*Exercise directions*: For the material that follows, return exactly the lines from the one with "Levně Krmivo mokré" through the one with "BARFER's Complete Würfel: Komplett‑Mix", both ends included.

*Information supplied*:
++++++++++++++++++++
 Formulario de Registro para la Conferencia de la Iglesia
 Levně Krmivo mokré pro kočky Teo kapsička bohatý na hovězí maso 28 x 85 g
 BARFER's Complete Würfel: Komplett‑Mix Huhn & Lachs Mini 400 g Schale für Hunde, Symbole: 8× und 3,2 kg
++++++++++++++++++++
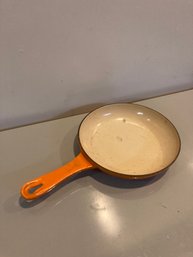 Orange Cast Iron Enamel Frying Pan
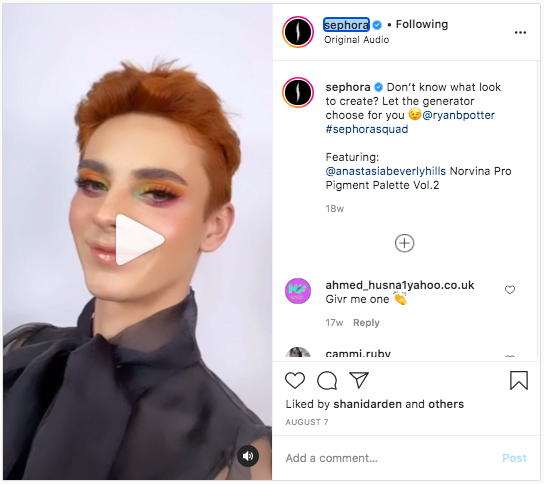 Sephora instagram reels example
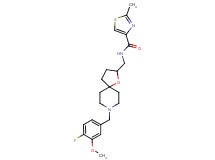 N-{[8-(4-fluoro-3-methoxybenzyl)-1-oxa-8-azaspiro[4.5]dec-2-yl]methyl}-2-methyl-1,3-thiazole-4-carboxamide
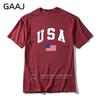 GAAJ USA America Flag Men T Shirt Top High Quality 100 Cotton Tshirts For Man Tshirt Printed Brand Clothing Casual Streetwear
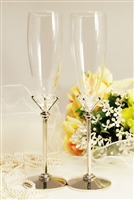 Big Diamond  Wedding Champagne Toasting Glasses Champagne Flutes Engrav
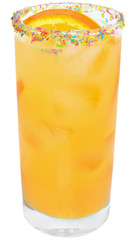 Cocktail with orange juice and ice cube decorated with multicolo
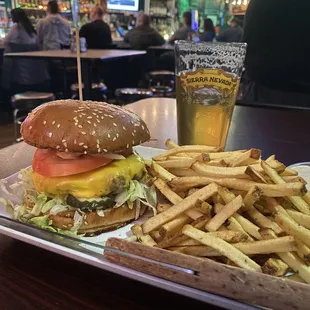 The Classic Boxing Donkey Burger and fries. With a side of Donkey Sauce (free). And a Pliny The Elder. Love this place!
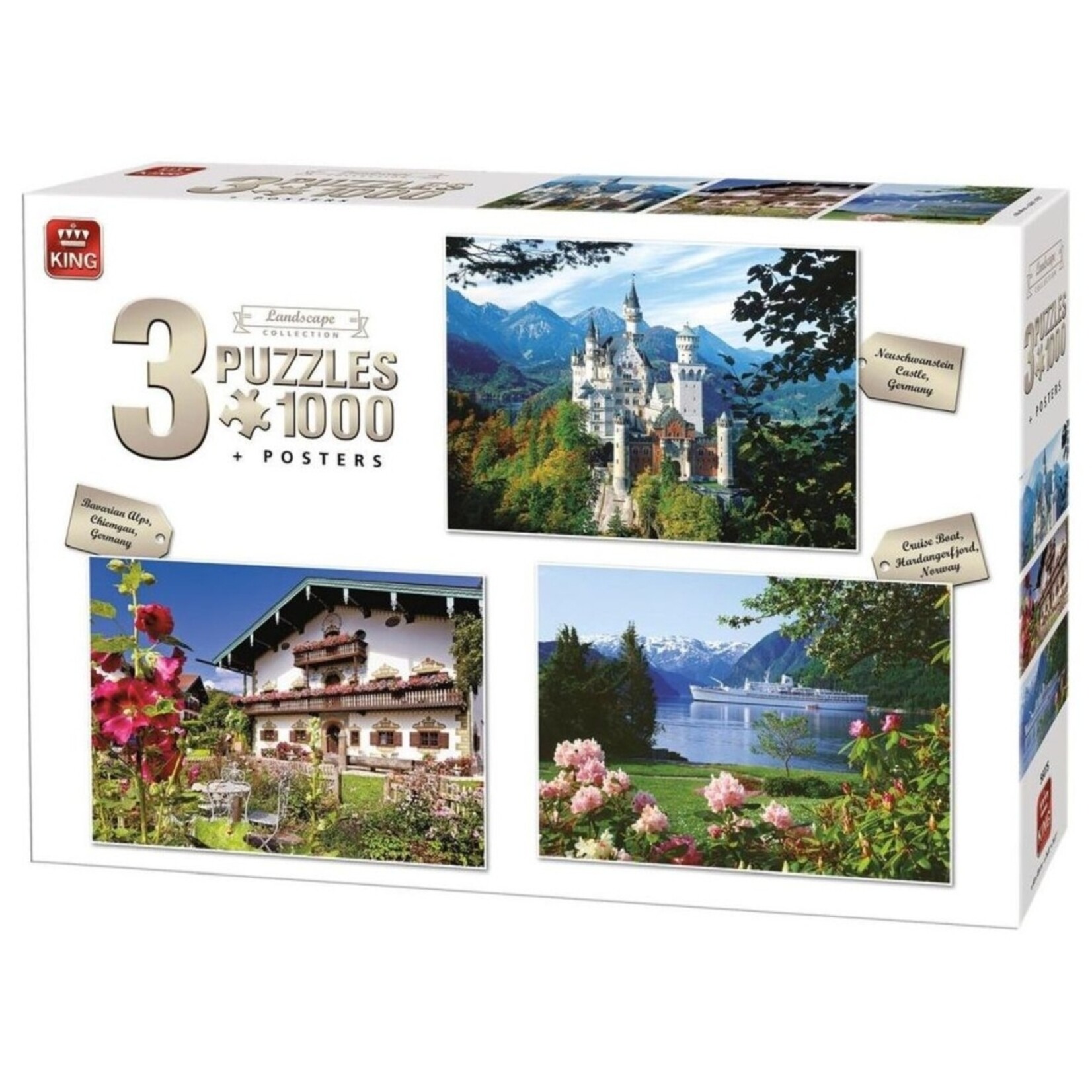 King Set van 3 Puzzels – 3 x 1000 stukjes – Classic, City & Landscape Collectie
++++++++++++++++++++
*Result of this task*:
 Levně Krmivo mokré pro kočky Teo kapsička bohatý na hovězí maso 28 x 85 g
 BARFER's Complete Würfel: Komplett‑Mix Huhn & Lachs Mini 400 g Schale für Hunde, Symbole: 8× und 3,2 kg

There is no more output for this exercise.